Of course, some people still dog on those war protesters way back when, but never addressing the fact that these questions should have been asked and answered sufficiently before we went to war. I haven't written much in public about the War in Iraq because frankly, history has made--indeed is making--all of the arguments for those who opposed invading. No WMDs, no flowers, no 9/11 connection, and who knows when we're getting out.

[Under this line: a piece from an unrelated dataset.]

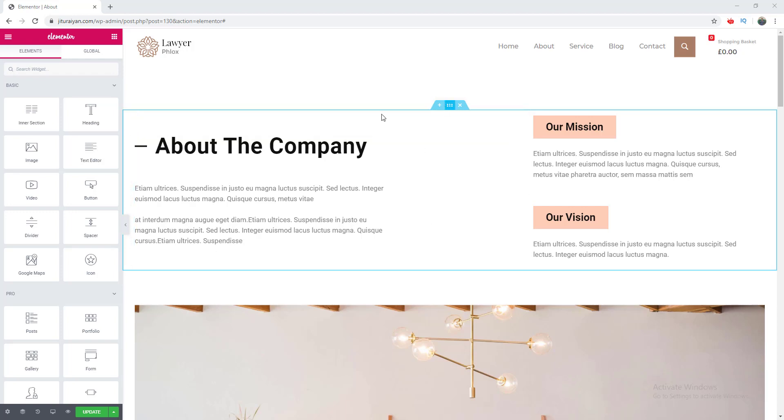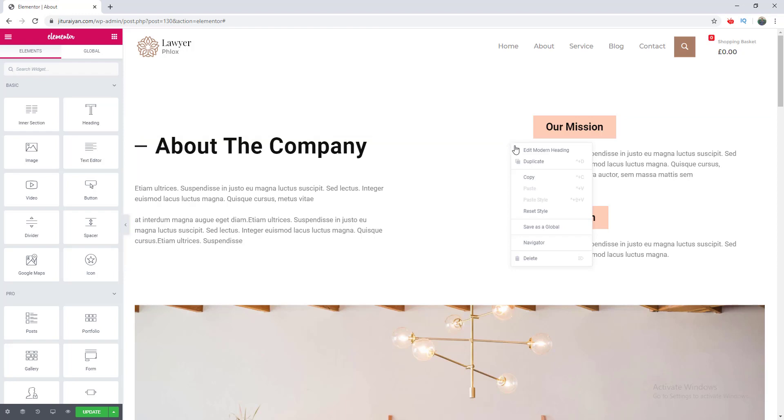You know, when you want to edit a section or a column or an element, each time you have to right-click to work with the basic options like duplicating or deleting. To get rid of this problem, just go over to this menu and go to the preferences and enable this editing handles option.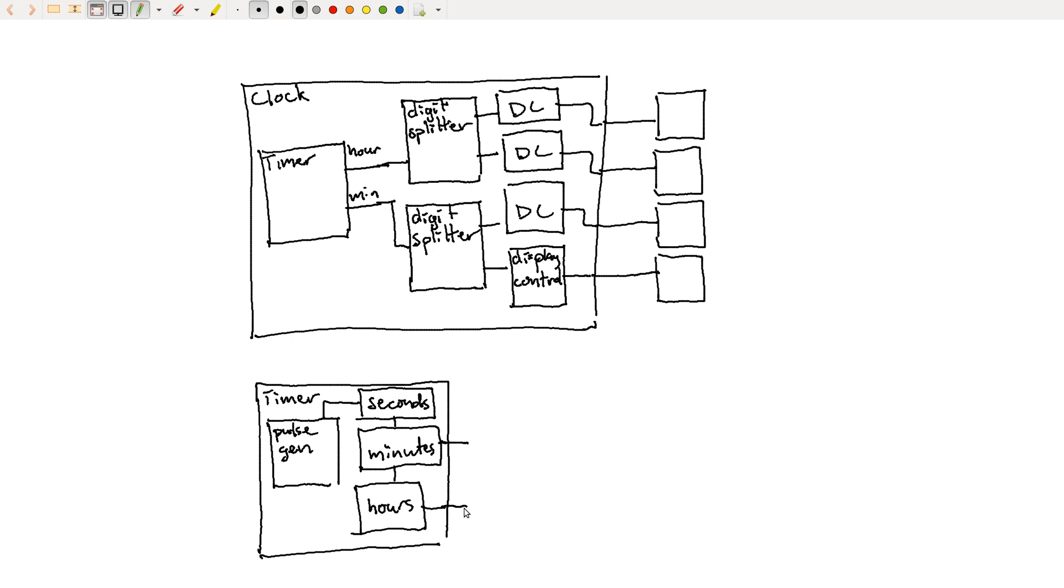And so we've created this hierarchy of components where at this high level, I just think about this timer block as something that produces an hour and a minute. And I don't have to worry about what's going on inside. But if I dig down, I can say that, oh, actually it's composed of a bunch of smaller blocks as well. So we've got these different counters. We've got this pulse generator. And I could dig into each of those blocks and look at their implementation.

"What! Why that's treasonous crazy talk!"--say the conservative talk-show hosts. But rather than discuss the issues that should have been discussed all along--should we have gone to war under the circumstances under which we did go to war, the subject gets changed--"So, you trust a mass-murderer like Saddam Hussien to disarm and stop gassing millions of Kurds?" "So, you think the Iraqis were better off with Saddam than now?" Or my favorite from a letter to the editor in the KC Star this weekend... "So, why did you support a "liar" like Clinton who said that Saddam was dangerous and had WMDs and why won't you support a President now that's willing to do something about it." Or, instead of answering Cindy Sheehan's legitimate questions, the conservative media will attack her because some of her supporters include Michael Moore, etc.

It's litterally banging one's head against a wall. You ask one question, such as "So, now that all the reasons the Administration initially gave to invade have proven to be false, do you still think we were right to go to war in Iraq?" and you get responses that don't match the question, such as "So, you think we should just cut and run and abandon the Iraqi people to the terrorists then! Typical liberal! Why don't you just come out and admit you hate America!" *Sigh* Anyway, I suppose that's placing words in some conservative's mouths... except I've actually heard those come out of conservatives' mouths. It's like believing that this President is never, ever, EVER wrong about anything is somehow a holy dogma. I mean, I may have supported Clinton, but I sure didn't support everything he did. I wrote plenty of letters and e-mails to him opposing this policy or that.

I guess my suggestion is this: As we begin to think about Iran and North Korea and about how to win the War on Terror, if such a thing is winnable, or a Global Struggle Against Violent Extremism, if such a thing is winnable--perhaps we would all serve our country better if we thought critically about everything our elected officials say and propose, rather than just blindly following and believing them no matter what the evidence shows or what the costs may be. We should no longer follow the party line--Democratic or Republican--without asking difficult questions whose answers we may not be comfortable with. Doesn't Congress owe that to its constituents? Don't each of us owe that to our country?